Movements.org is an online platform working to connect activists worldwide. It was founded when The Alliance for Youth Movements rebranded itself in 2011. It is an online marketplace that connects dissidents in closed societies to individuals in open societies with experience in such areas as legal work, mathematics, science, media, PR and technology. When activists post requests for assistance, experts and professionals respond with offers of assistance.

== History ==
In October 2008, Columbia University, the US Department of State, Google, Howcast Media and other media companies sponsored the inaugural Alliance of Youth Movements Summit. This event brought together digital activists, technology and media leaders, non-governmental organisations (NGOs), and governments to convene, share best practices, and create a network of socially responsible grassroots activists using technology for their movements and campaigns.

Following the inaugural summit, Jason Liebman (CEO and co-founder of Howcast), Roman Tsunder (co-founder of Access 360 Media), and Jared Cohen (Director of Google Ideas at Google) co-founded the Alliance for Youth Movements. This organization was dedicated to identifying, connecting, and supporting digital activists at the annual summit and throughout the year.

In December 2009, The Alliance for Youth Movements hosted its 2nd annual summit in Mexico City.
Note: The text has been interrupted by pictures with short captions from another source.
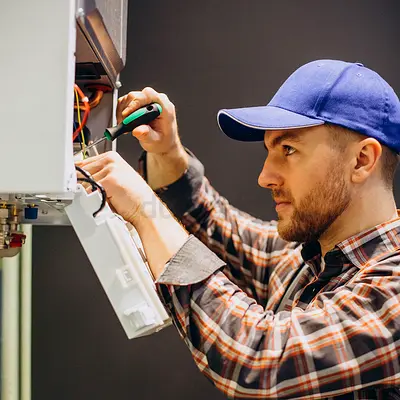 Professional Boiler Replacement  Plumbing | Same Day Service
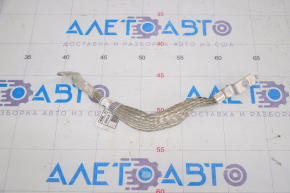 Ground wire BODY CONTROL MODULE Tesla Model 3 18-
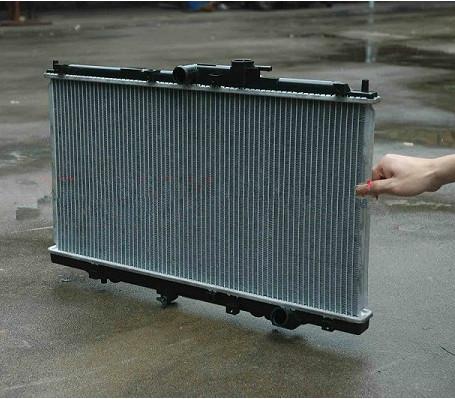 供應(yīng)進(jìn)口奔馳寶馬奧迪水箱電子扇拆件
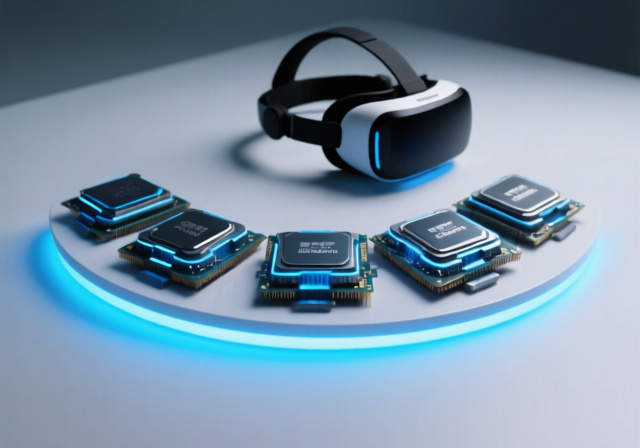 Best CPU for Virtual Reality [cy]: Ultimate Guide for Smooth VR Gaming - Ofzen Affiliate Content Factory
This summit was sponsored by the US Department of State as well as other sponsors. The event convened activists and supporters interested in how social media and connection technologies were helping to combat violence, with a special focus on Latin America.

In March 2010, The Alliance for Youth Movements hosted its 3rd annual summit in London, which was sponsored by the UK Home Office and other media companies. At the end of the summit, it was announced that the Alliance for Youth Movements was launching a new online hub for digital activism, Movements.org.

In February 2011, Movements.org officially launched and the Alliance for Youth Movements re-branded itself as Movements.org.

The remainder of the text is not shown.